David Geislinger, Advisory Board Member
"I became a Benet Hill Monastery Advisory Board member out of gratitude. It is no exaggeration to say that taking their four-year Scripture Studies program was a significant event in my spiritual life. I have benefited from other education programs they have made available, from the excellent speakers they have brought to town and from their hospitality and liturgy. Mass at the Monastery feels like sanctuary for my wife and me. We both treasure our continuing contact with this community."
John D. Wolf, Colonel, US Air Force (retired)
President, COSTA Research Inc.
Advisory Board Member
" I have known the Benet Hill Benedictines most of my life since they were good friends of grandparents and parents. My family and I have continued that friendship. We support the Mission Outreach of the Monastery. We believe that the retreats, seminars and workshops they offer are a blessing for those in search of deepening their faith or finding it. I know that by donating to the Benet Hill Community they can continue to offer their gifts to all who come to them."

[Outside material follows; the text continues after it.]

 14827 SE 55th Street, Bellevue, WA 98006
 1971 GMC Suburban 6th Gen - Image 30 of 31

Shari & Kevin Silva, Colorado Springs
"The Benedictine Spiritual Formation Program has taught me how to listen more deeply to others, to the Spirit, and to myself. It also has been an opportunity to develop a community with my classmates, teachers, and instructors during the last two years. I am most grateful for the hospitality of Benet Hill."
Rev. Karen Matuska, Colorado Springs
"I found in Centering Prayer a prayer form that works for me! I now find time for daily prayer-something that had always eluded me. Since participating in Centering Prayer sessions at Benet Hill, I keep making new connections through people, books, retreats and ideas-spiritual connections that hadn't existed previously. Most importantly I find myself noticing God in the routine experiences of my life. While these moments of awareness amount to only a tiny fraction of my day, I can tell that they are gradually changing my approach to life/God."

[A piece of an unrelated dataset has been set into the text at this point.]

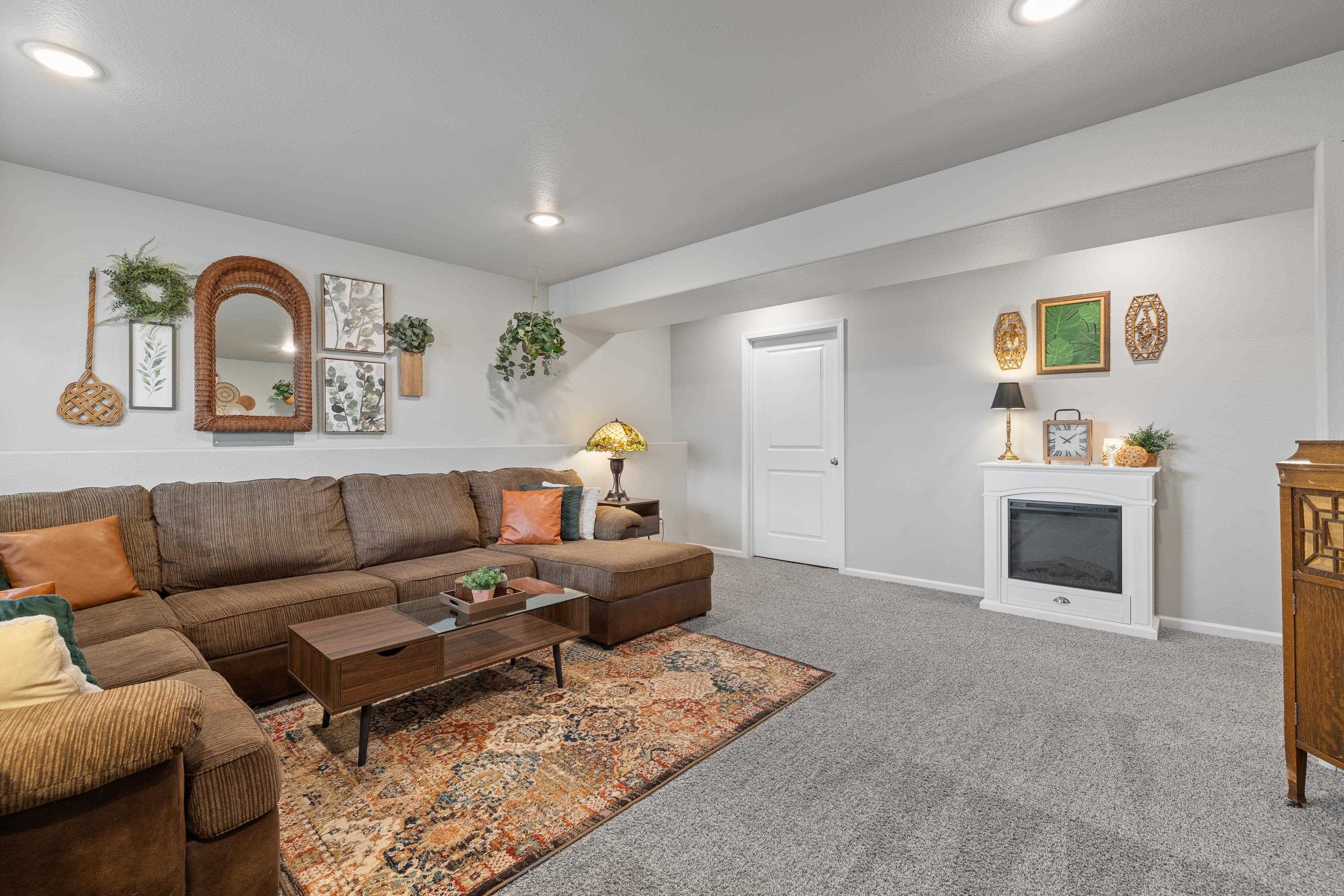 3488 Enfield Loop Rd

Mike Smith, Class Participant
"It just seems that so many people who are grieving are attracted to Centering Prayer. Having lost a daughter, I too needed a way to go deeper and really KNOW God as tangible and within me and to know that part of me that will not die and to know that GIFT is the same for my daughter. My Centering Prayer practice of eight years has allowed me that deepening closeness to God, a comfort in "knowing" my daughter now and a growing sense of peace. I believe this came about through my consent in the prayer. It has been for me a life-giving practice."
Linda Smith, Class Participant
"My course at Benet Hill was the Book of Revelations. I had been seeking a course in this challenging book of the Bible for several years. The Benet Hill setting is one of peace and tranquility, both inside and outside. The chapel is conducive to centering prayer. The classroom was appropriately sized for the number of students. All in all, it was very informative and I would recommend that anyone who wishes to avail themselves of the study of the Bible, as well as other forms of becoming closer to Our Lord in study and prayer, should seek their education at Benet Hill."